もっとも、人間の心理を突き止めると、やれば出来るのに努力しようとしない面、知っていながら実行出来ない意志の弱さ、他人の立派な行いは賞賛しながら自分はだらしない態度を取り続ける性格に起因する面が多分にあることは事実である。が、その反面、生まれついた環境という不可抗力の産物、遺伝ないしは生まれながらの生涯に起因するもの、更には、明らかに身体的性向による罪悪を斟酌した時、積極的な意味での罪は大幅に少なくなる。
 考えてもみるがよい。全知全能にして慈悲深き大神が、生まれながらにして障害をもつ哀れな人間が罪なことを心に抱いたからといって、これを罰するということが有り得ようか。熟練した医師によると、頭の形を見れば、罪悪を犯すタイプかどうかが分かるという。

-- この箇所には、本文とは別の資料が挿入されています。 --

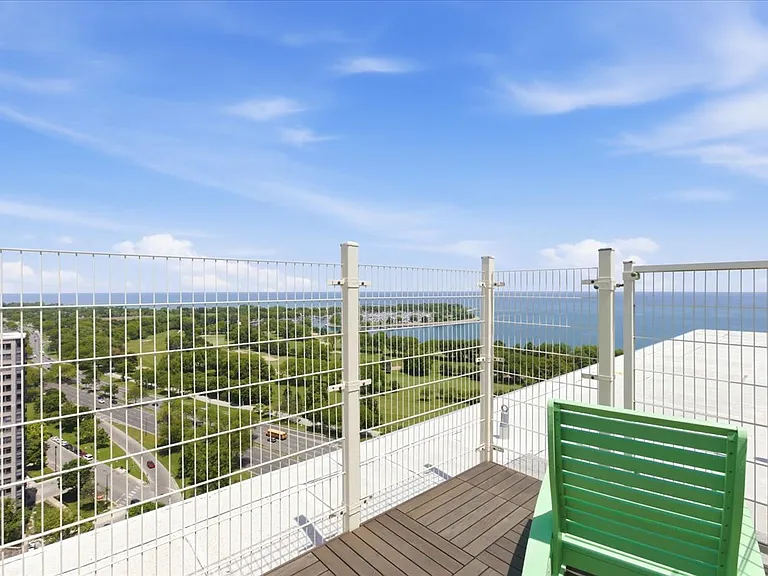3950 N Lake Shore Dr #2027 — Photo 13
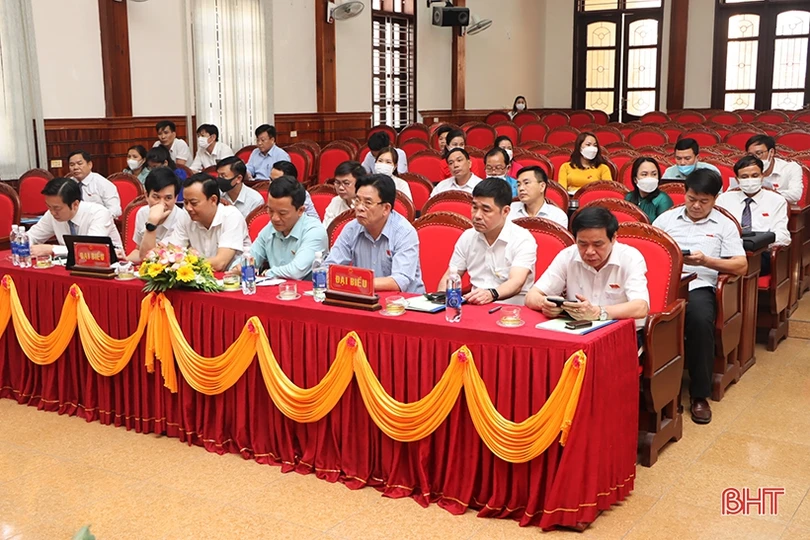 Bà Hà Thị Việt Ánh được bầu giữ chức Chủ tịch HĐND huyện Cẩm Xuyên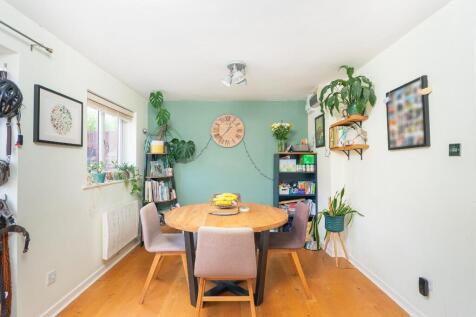 4W0CSI - Dining Room B.jpg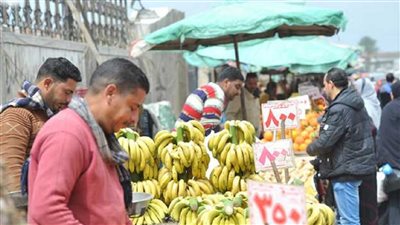 البطيخ بكام النهاردة اسعار الفاكهه في ثاني ايام عيد الاضحي بسوق العبور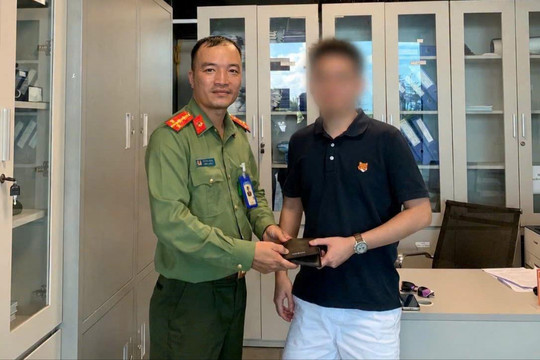 Lực lượng an ninh hàng không trao trả tài sản cho người đánh mất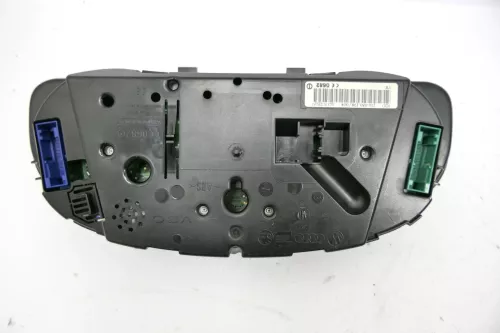 VW Passat 3BG Tacho Tachometer Kombiinstrument 280.000km 3B0920829A Diesel TDI (115380)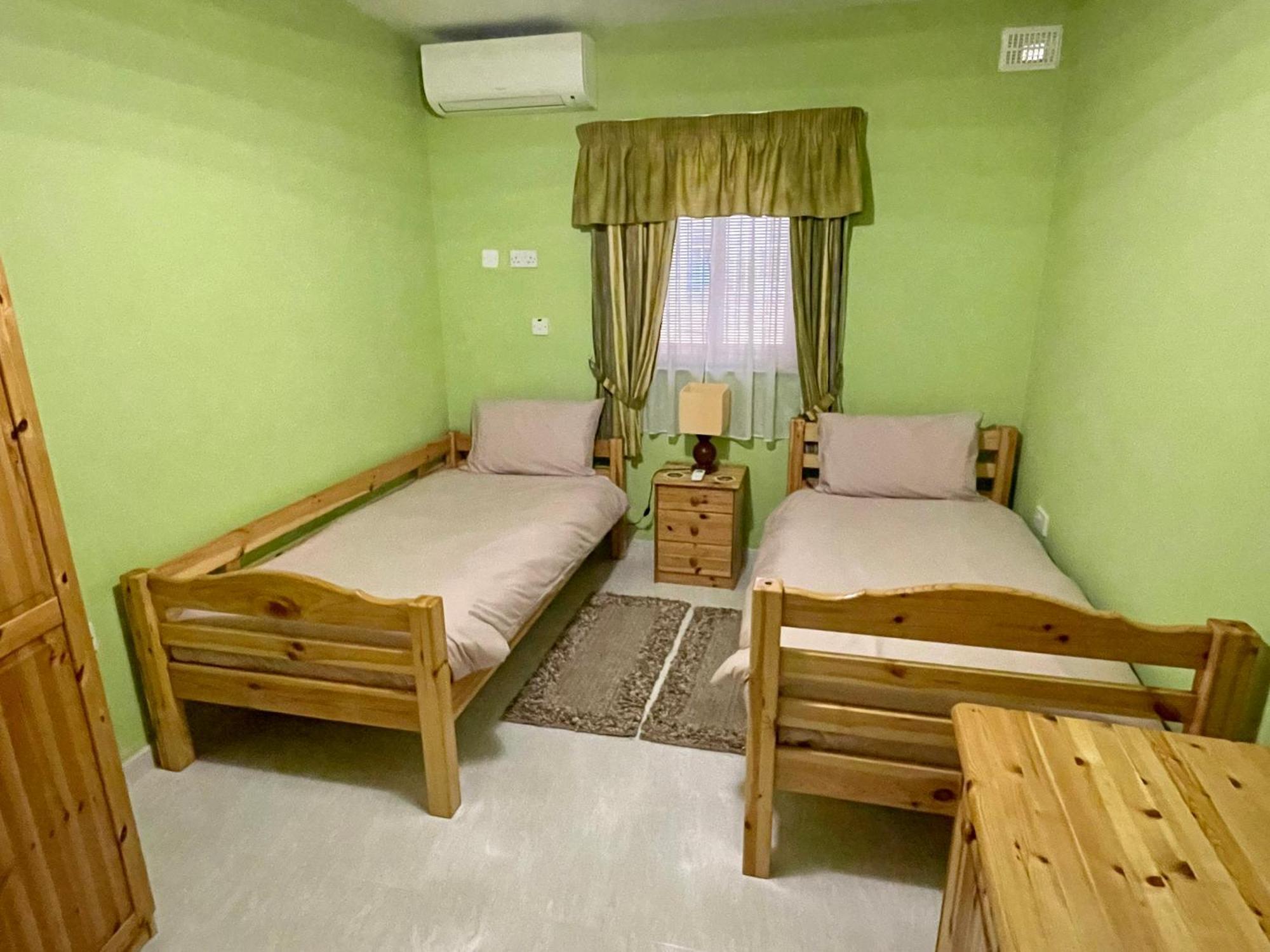 Regent Court - 3 Bedroom Apartment Within Walking Distance From Seafront 圣保罗湾城 外观 照片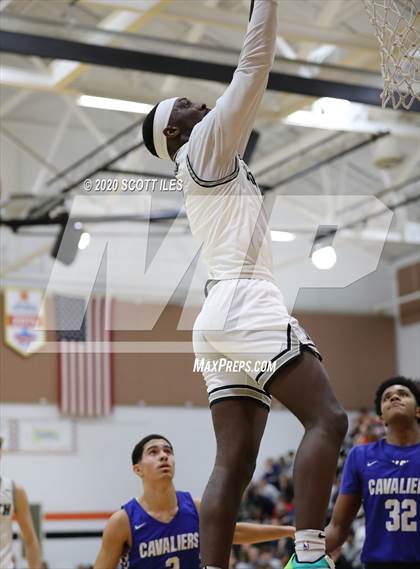Thumbnail 1 in Chillicothe vs. Pickerington North (OHSAA D1 District Semifinal) photogallery.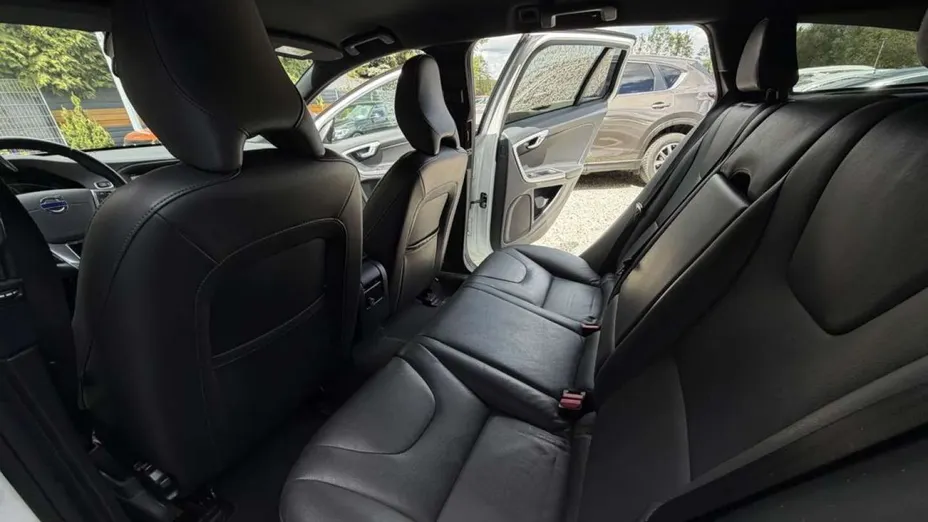 VOLVO V60 -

歴史に記録を留めている身の毛もよだつ罪悪の数々-暴君ネロから殺人鬼切り裂きジャックに至るまで-皆精神の疾患の産物であり、戦争という国家的罪悪も、集団的狂気というものの存在を示しているようにさえ思える。
 となると、地上でそうした不利な条件の下に苦しい生活を強いられた者を、死後、更に地獄へ落として苦しめる必要はないではないかという観測も出来る。霊界通信でよくあるのが、意外に平凡な人物が、死後、大変な栄誉に浴しているのを知って驚くことがあるという話である。そこには人間的価値観と霊的価値観との違いがあることを物語っている。となると、身体的特質が不可抗力となって罪深いことをしてしまった場合は、当然、そこに酌量の余地があってしかるべきであって、それは罪を見逃すというのとは別問題である。寧ろ善人として生まれ、これといった善悪の意識もないまま、漫然とした人生を送った人間の方が、問題が大きいことも考えられる。